FDA Emergency Approval on Hold for Blood Plasma to Treat COVID-19

More data are under review; the approval could still be issued in the near future

WEDNESDAY, Aug. 19, 2020 (HealthDay News) -- The U.S. Food and Drug Administration emergency approval of blood plasma as a COVID-19 treatment was put on hold last week after senior federal health officials said data supporting the therapy were too weak.

More data are under review, and the approval could still be issued in the near future, according to H. Clifford Lane, M.D., the clinical director at the National Institute of Allergy and Infectious Diseases, The New York Times reported. Plasma donated by people who have survived COVID-19 has high levels of antibodies against the disease and is considered safe, but clinical trials have not proven that it can help COVID-19 patients.

The proposed emergency approval was based on the history of plasma's use in treating other diseases, animal research, and a number of plasma studies, including federal government-financed Mayo Clinic research that has tested plasma in more than 66,000 COVID-19 patients and is the largest such study in the United States, The Times reported.
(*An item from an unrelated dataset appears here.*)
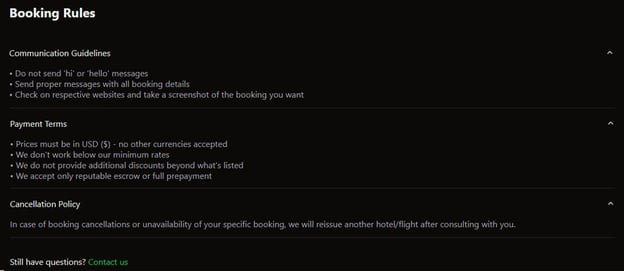 Figure 9. Booking rules described on the website of one of the dark web travel agencies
However, a number of leading health officials -- including Lane, National Institutes of Health Director Francis Collins, M.D., and Anthony Fauci, M.D., the government's top infectious disease expert -- cautioned last week that available data from the Mayo study were not strong enough to support emergency approval.

An emergency approval at this stage would "change the way people view trials," according to Mila Ortigoza, M.D., an infectious disease specialist at NYU Langone Health who started a plasma clinical trial with colleagues at Montefiore Medical Center. "We want to make sure that when we say it works, we are confident, with indisputable evidence," she told The Times. "We're dealing with patients' lives here."

An FDA spokeswoman declined to comment on the matter, The Times reported.